Extract only the first line of the listing and every line after it up to and including the one with "So now you know". Omit the pictures.

[SUPPLIED INFORMATION]
= = = =
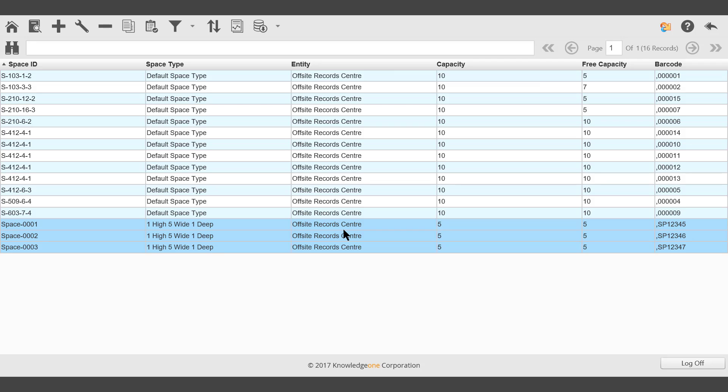Once those records are on the picklist, we could run a report and see how much free space we have. We could also start moving Archive boxes into those spaces.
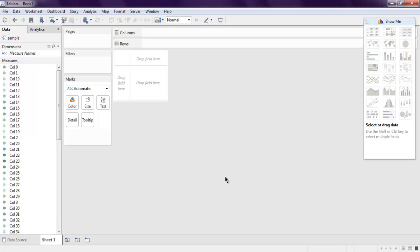So now you know how you can import your R data into Tableau desktop.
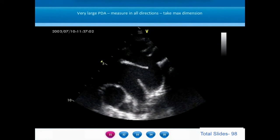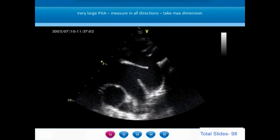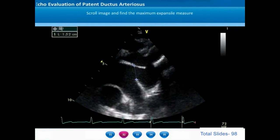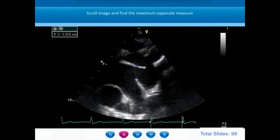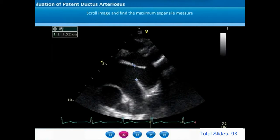Some ductus may be very large — the dimension may even be larger than the isthmus of the aorta. We need to measure the ductus in all dimensions and all directions, including the parasternal ductal view and the suprasternal ductal view, and take the maximum dimension to decide on the size of the device to be used. The ductus is an expansile structure, so we need to scroll through the cardiac cycle to find the maximum expansile diameter. The maximal ductal diameter will be seen in end-systole, as identified in the frame corresponding to the T-wave on the ECG.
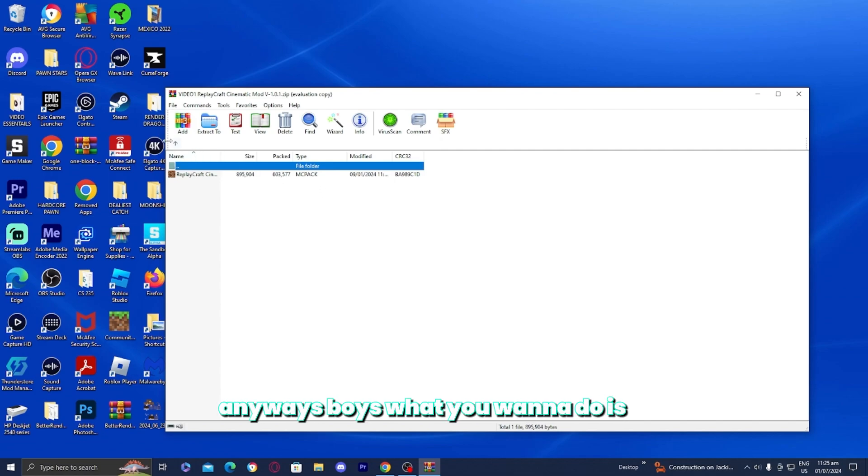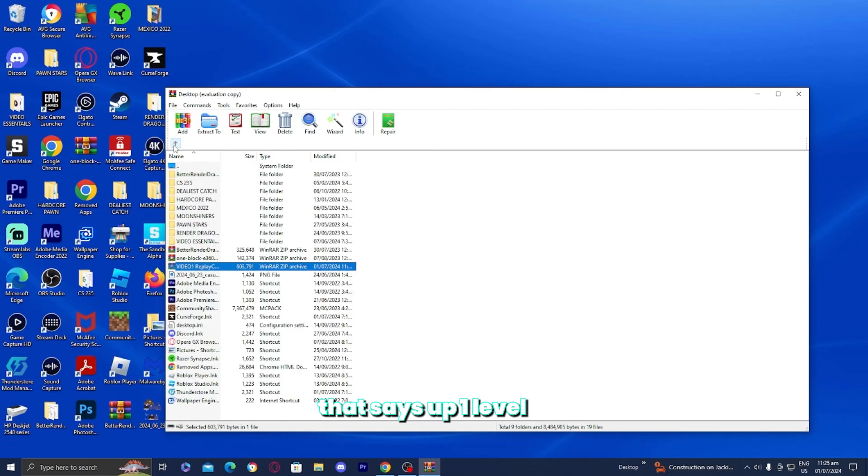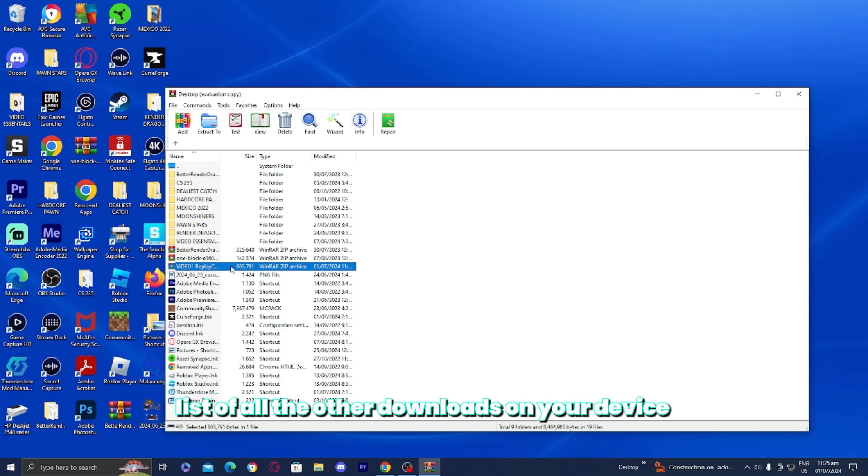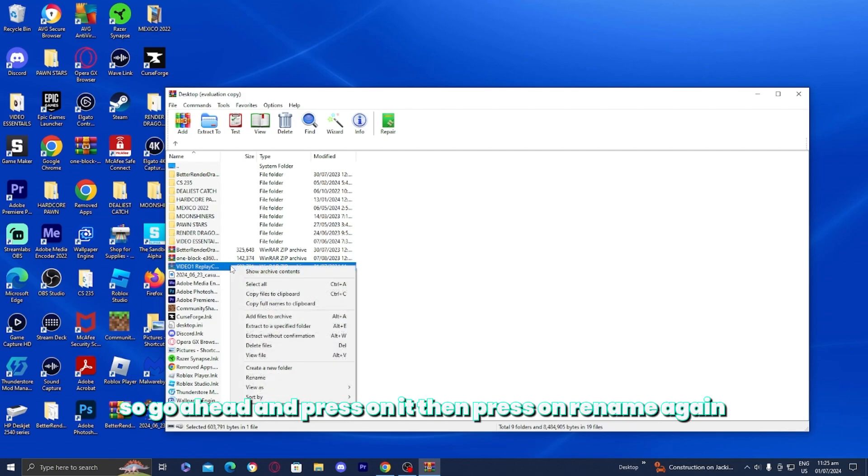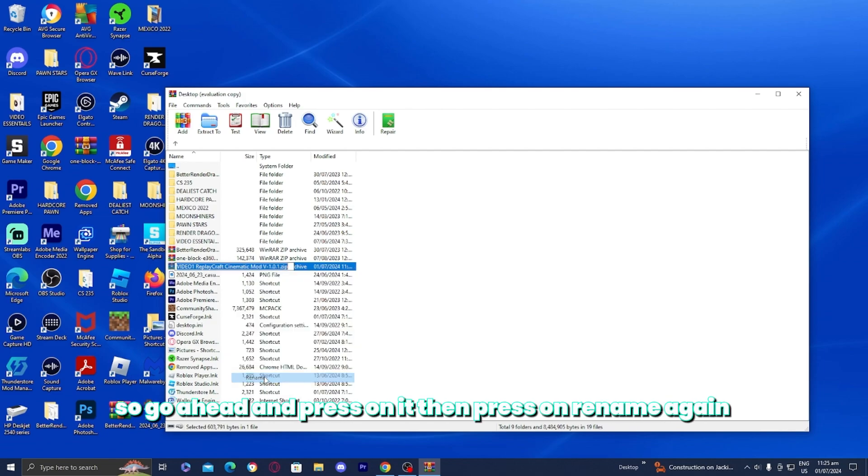What you want to do is press on the top button that says up one level. Then go ahead and find your pack again. It will be in a list of all the other downloads on your device. So go ahead and press on it, then press on rename.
= = = =
[EXERCISE OUTPUT]
Once those records are on the picklist, we could run a report and see how much free space we have. We could also start moving Archive boxes into those spaces.
So now you know how you can import your R data into Tableau desktop.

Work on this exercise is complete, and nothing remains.